You should also never assume that safety is ‘common sense’ — a workplace that relies solely on ‘common sense’ is likely to be unsafe.
What your policy should contain
Your policy should state the responsibilities of everyone and set the rules and standards you expect everyone to follow. This reinforces the message that although you as a person conducting a business or undertaking (PCBU) have a responsibility for safety, everyone else is responsible too.
You can delegate health and safety tasks to others — such as your managers, supervisors, and health and safety committee members — but as the PCBU you still have overall responsibility for work health and safety.
State what management will do
Your policy should start with a statement about your overall safety goal or aim, for example: ‘We will provide a workplace free from risks’ or ‘We aim to reduce our injury rates’.
It’s important to then state how you’ll do those things.
What are the practical things your managers, supervisors and the PCBU will be responsible for to manage WHS?
Your policy should include your commitment to:
- providing/maintaining a work environment free from risks to health and safety
- providing/maintaining safe equipment, structures and safe systems of work
- ensuring the safe use, handling and storage of equipment, structures and substances
- providing adequate facilities for the welfare of workers (for example, toilets and tea rooms)
- providing any information, training, instruction or supervision that’s necessary to protect people from risks to their health and safety arising from work activities
- making sure that the health of workers and the conditions at the workplace are monitored in order to prevent illness or injury
- consulting with workers on all matters relating to work health and safety.
State what workers will do
Workers have rights and responsibilities, so state the rules and standards you expect them to follow:
- take reasonable care for their own health and safety
- take reasonable care that what they do (or what they don’t do) doesn’t adversely affect the health and safety of other people
- comply (so far as they are reasonably able to) with any reasonable instruction given by management
- co-operate with any reasonable policy or procedure for work health and safety that has been communicated to them (you may want to mention the safe work procedures you have in place)
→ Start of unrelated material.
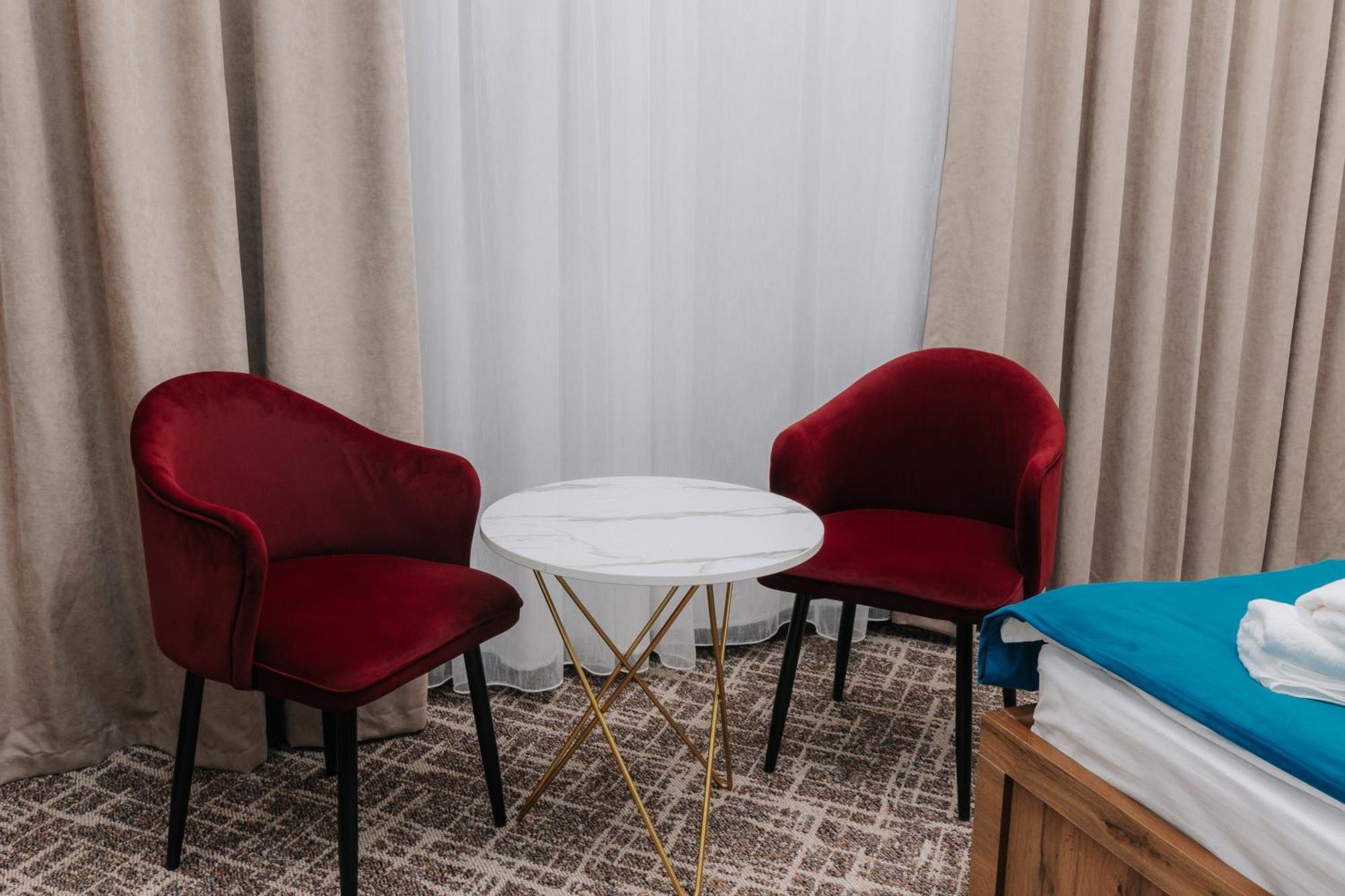 Resident Hotel Tashkent Ngoại thất bức ảnh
- not misuse or interfere with anything provided for work health and safety
- report all incidents and near misses immediately, no matter how trivial
- engage in consultation with management to identify, assess and control hazards and the effectiveness of such controls
- report all known or observed hazards to their supervisor or manager.
Involve your workers as you develop your policy so it becomes a shared commitment to health and safety.
Other matters to consider
- Note or refer to your risk management process. Does your policy reflect the nature of your workplace activities and scale of safety risks you have?
- List any Australian Standards and laws other than the work health and safety act and regulations that you need to comply with
- Include any measurable safety targets you’re working towards, or specific safety issues you want to address as an organisation
- Define the consultation process you have to ensure all your workers are included in decision making for safety. List how you’ll provide safety information to your workers, contractors and visitors
- Explain how you’ll implement your policy
- Make sure the policy is supported and signed off at the highest level; for example, the managing director or chief executive officer.
Communicate your policy
Once you’ve developed your policy, display it prominently.
Tell everyone about it so they know what they should expect and what is expected of them:
- go through it at a staff or toolbox meeting
- include it in inductions for new workers.
Review your policy regularly (at least once a year) to ensure it remains relevant and effective.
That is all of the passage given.